As the coalition begins the work of specifying the different features of the initiative, it should consider incorporating additional lessons from research.

Implementation matters; evidence-based approaches only have impact if implemented well. For example, mentoring programs are more effective when programs follow a structured screening process and provide initial training and ongoing support to the mentors. While using evidence-based approaches raises the chances that an initiative will be successful, we know that human services and community-based programs are more effective when accompanied by implementation and capacity supports. Investing the time and resources upfront to help plan, manage and sustain this work will strengthen the programs and services provided and increase the probability of their success in preventing adverse outcomes for boys and men of color.
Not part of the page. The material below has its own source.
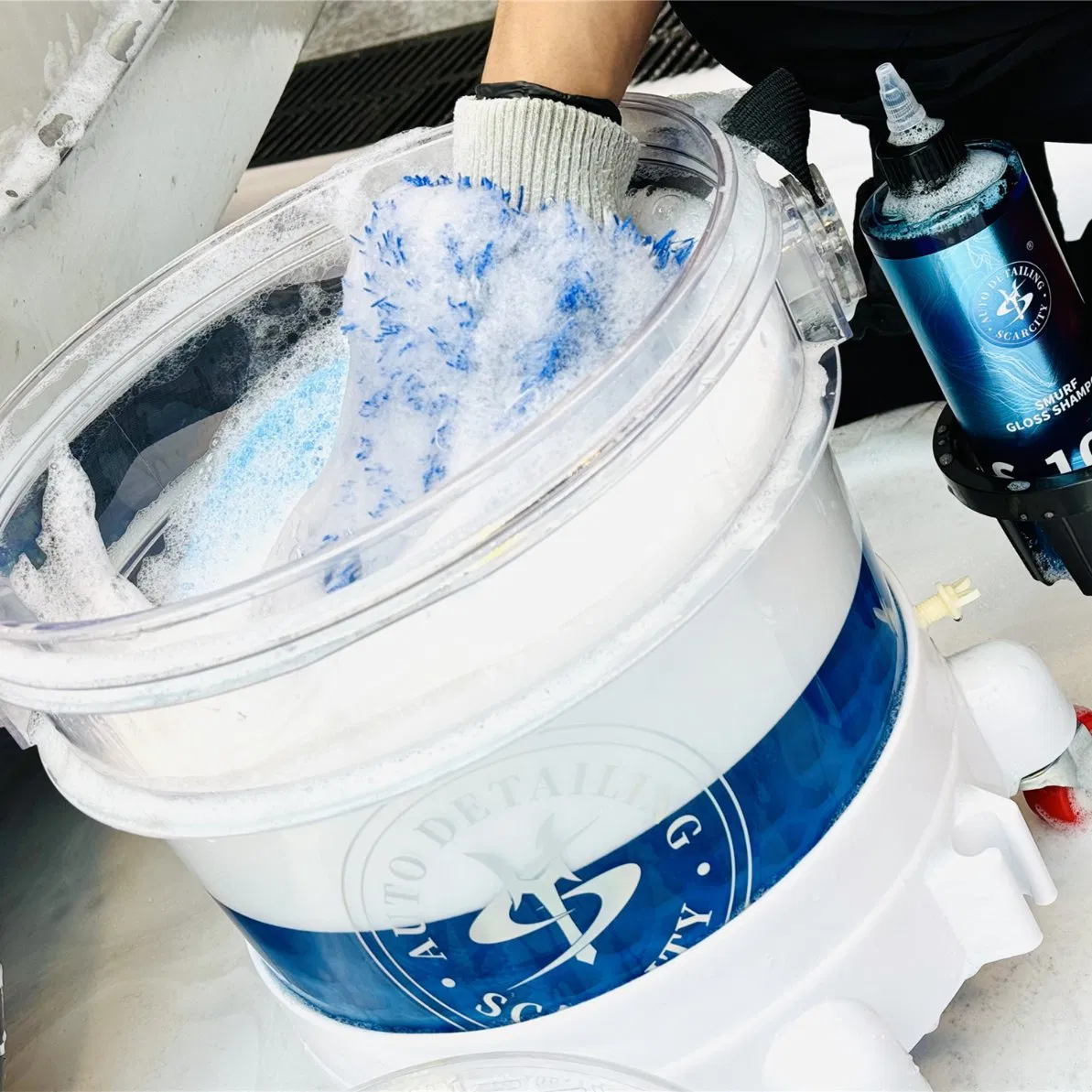 Scarcity 20L 5 Gallon Car Wash Bucket Clear Bucket with Dolly Seat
One-size does not fit all; boys and men of color are a diverse group with different investment opportunities. They come from different racial and ethnic groups; they are immigrants and non-immigrants; they come from rural and urban areas and outcomes differ widely within and across these groups. For example, although both Latinos and African-American children have lower levels of educational attainment than their non-minority counterparts, African-American students are at much greater risk of being held back a grade and being suspended from school. Thus, to be effective it is important that the initiative help communities effectively tailor strategies to meet the needs of various sub groups.

Don't forget about the family; boys and men of color spend their first 1,000 days primarily with their family, and as they develop, the family continues to be the primary source of learning, security, and investment. We know for example that raising mothers' education leads to better caregiving, which in turn results in better health practices, home literacy, and other behaviors that foster positive outcomes for children and youth. Programs and services that empower families to improve their investments in boys and young men of color can increase their life chances.

The White House has mobilized an impressive coalition to address a critical national challenge, and used the power of research evidence to begin to structure the initiative. By drawing additional lessons from the existing research base, the initiative can further bolster its chance to build strong and lasting ladders of opportunity and success for boys and young men of color. This will help ensure that My Brother's Keeper initiative realizes its potential as a game changer.

Kilburn is a senior economist, Schultz a senior policy analyst and Davis a senior policy researcher at the nonprofit, nonpartisan RAND Corporation.